Take the copper busbar, bend it in U-shape with the legs about 1" heart
to heart,
it should fit in the two channels between the legs of the E.
Wrap it in tape or heatshrink or whatever.
Put it in the E and fix the stack of I-laminations on top of the legs
with a piece of paper
between the E and I laminations. You can use 4 metal strips if you have
bolts in the
corners of the laminations - often you can re-use the original
transformer mechanics/mounting.

If the busbar had two holes in the ends, that is where you can now
attach wires/lugs.
Hope this clarifies,

Cor van de Water
Director HW & Systems Architecture Group Proxim Wireless
Corporation http://www.proxim.com
Email: [email protected] Private: http://www.cvandewater.com
Skype: cor_van_de_water IM: [email protected]
Tel: +1 408 383 7626 VoIP: +31 20 3987567 FWD# 25925
Tel: +91 (040)23117400 x203 XoIP: +31877841130

-----Original Message-----
From: [email protected] [mailto:[email protected]] On
Behalf Of Lee Hart
Sent: Wednesday, September 23, 2009 8:45 AM
To: Electric Vehicle Discussion List
Subject: Re: [EVDL] Controller/Motor inductance

>> Personally, I would not use an air-core coil. It takes too much wire,
and copper wire is expensive.
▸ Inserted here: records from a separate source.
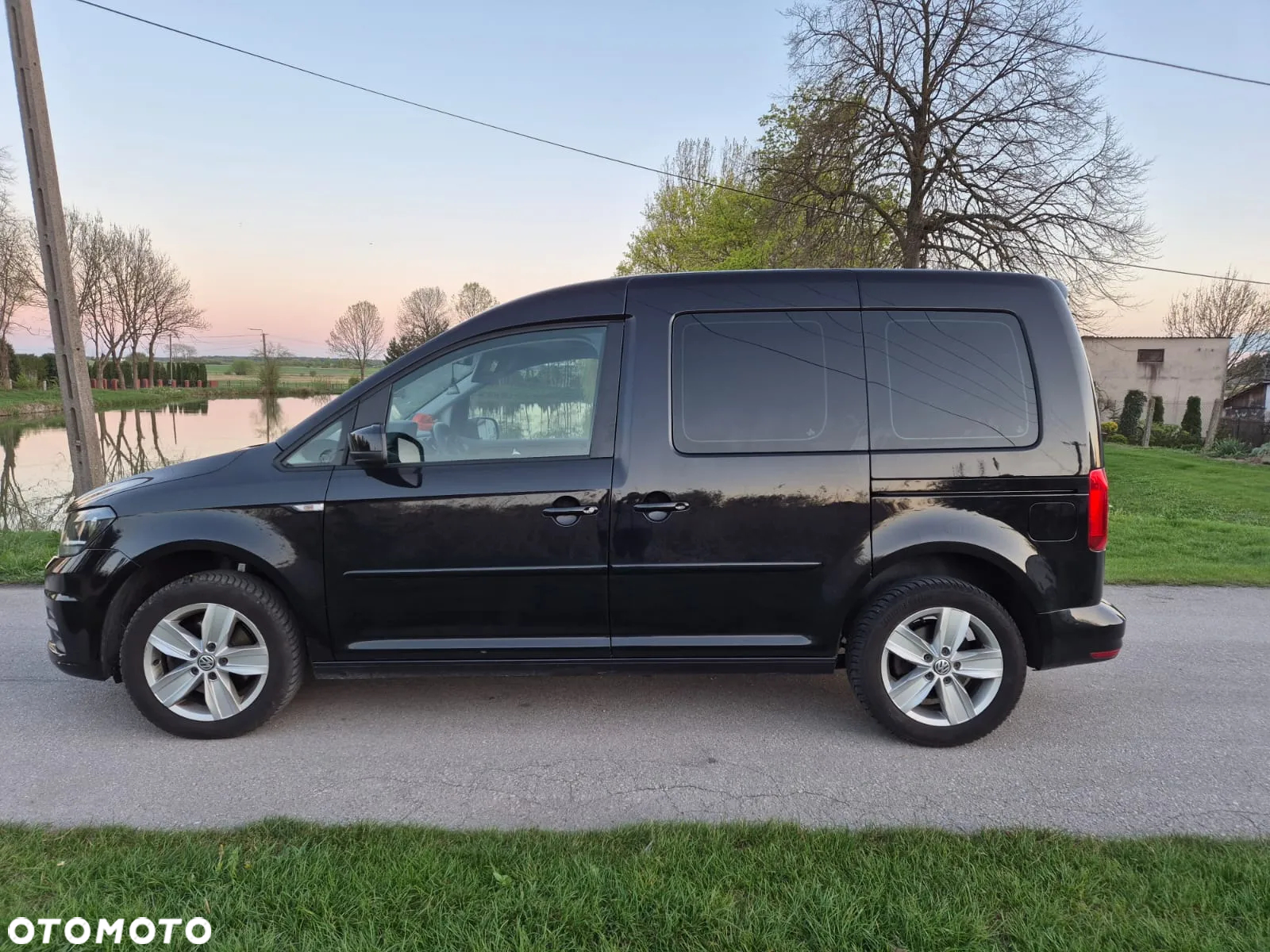 Volkswagen Caddy 2.0 TDI (5-Si.) Trendline - 4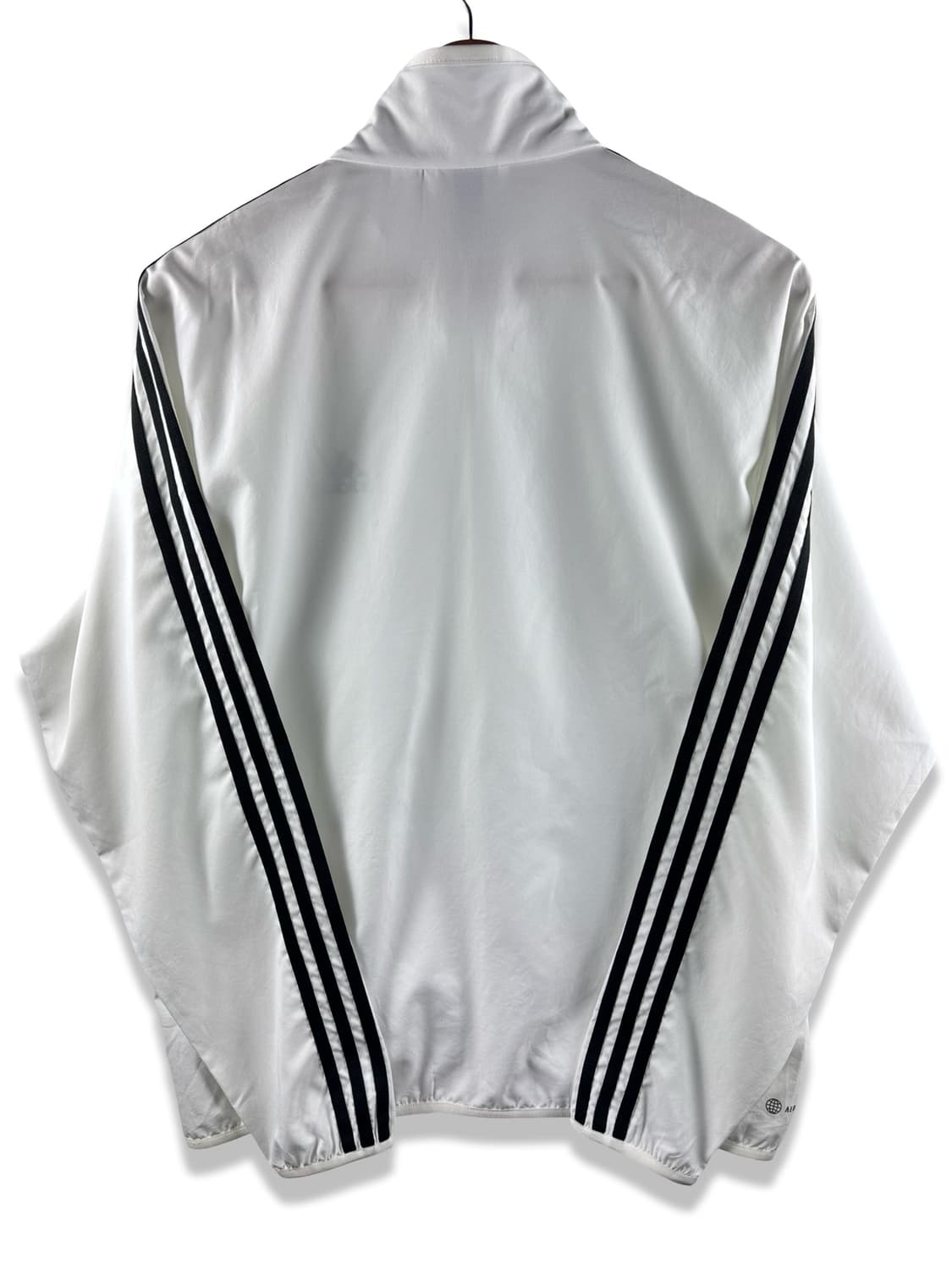 아디다스 블랙 화이트 바람막이3052 상품이미지2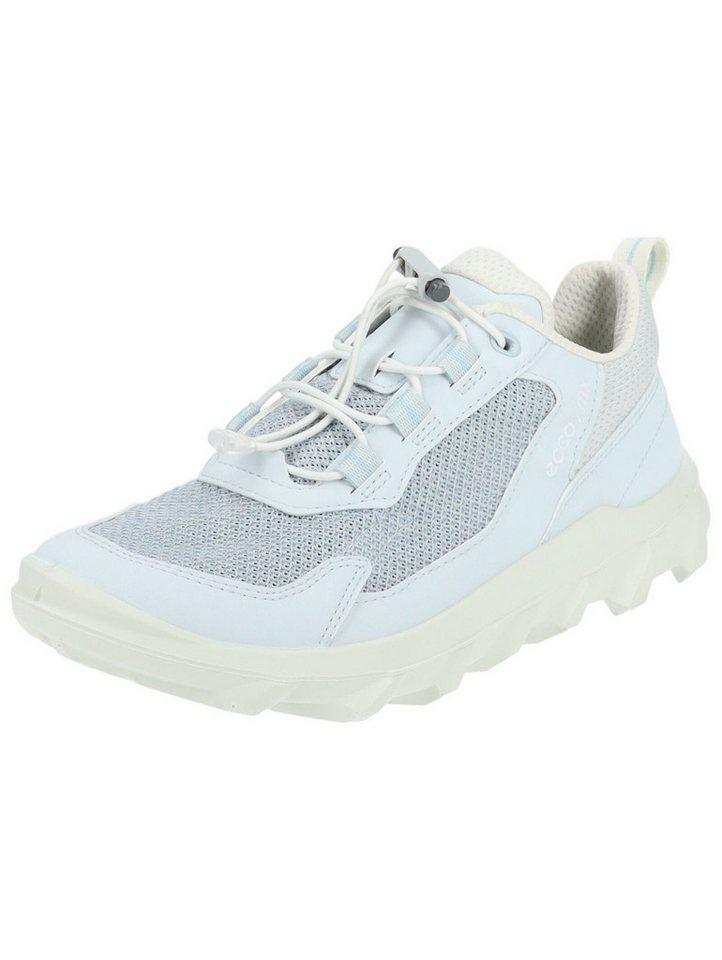 Ecco Sneaker Lederimitat/Textil Sneaker von Ecco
Instead, I'd get a bunch of small
transformers. Cut the windings off, and use just their E and I
laminations. Get a piece of flat copper buss bar that fits in the
openings in the E laminations. Wrap it with tape or heatshrink tubing,
bend it into a "U", and place the E laminations around it (one side of
the busbar "U" in each E opening). Put a piece of tape or fish paper on
top of the stack of E's, then put the stack of I-laminations on top of
that. You want an air gap between the E's and I's because you are
running DC in the coil.



> Seth Rothenberg wrote:
> > I'm having trouble picturing it.
> > Has someone done this and posted a picture on the web?
> 
> ...


----------



## EVDL List (Jul 27, 2007)

Well you could use that formula that was posted and it is pretty exact for an
air inductor. 10 feet air inductor might get 10-13uH. My motor is a jack
heintz g29 and it had a very low inductance of in the 23 - 26uH
microhenries. I built an inductor just to move the vehicle last year and
believe it is a good design and very simple. Lee Hart totally gave me the
idea. I plan on building one more and getting rid of one made with zinc iron
laminated sheets of metal with holes drilled through it and wire wrapped
around it. The home made one over heats and not based on any real data for
15kHz DC. I remember each one measured around 150uH using an inductance
meter got on ebay. The results were impressive, but still not perfect. Take
off changed the motor from a huge jerk to a very small one and the curtis
controller didn't blow or get too hot. 2/0 wire was too thick to wrap
around the toroids, so I split it in two. Maybe you could try that extra
flexible 2/0 cable or use flexible 1 guage and simply combine inputs and
outputs to equal 2/0. 1/0 might work too and then add 4 gauge to it. I used
the micrometals .com T650-35 toroid as it was either that or T650-34 or
T650-63. These toroids are gigantic and would have liked to use a t650-63,
but was way too expensive. They have a program to help you decide for free
called MicroR_Jan12_2008.exe. During August 2008 I paid $133.93 with
shipping to Florida included for two t650-35 and the the t650-34 were a
little more. I am hoping it is a lot cheaper now. To order you have to
give them a call since they don't have online ordering. If someone calls
about the t650-35 please post how much they want for it as I need two more.
If your motor it simply borderline, then one might be enough. First measure
the coil inductance and calculate how much more you need. I don't think the
program computes correctly over 250amps. 150uH total should be enough, but
others should chime on this as I am guessing. 
Here is a picture of the T650-35 powder iron toroid
http://img19.imageshack.us/img19/2670/1000742i.jpg
Image of a very poorly made inductor, but using good cable + clear thick
tape and the results will be great. 
http://img19.imageshack.us/img19/1100/1000751i.jpg





Do you know how much extra inductance this might add? 

Stephen Chapman



-- 
View this message in context: http://www.nabble.com/Controller-Motor-inductance-tp25522761p25531352.html
Sent from the Electric Vehicle Discussion List mailing list archive at Nabble.com.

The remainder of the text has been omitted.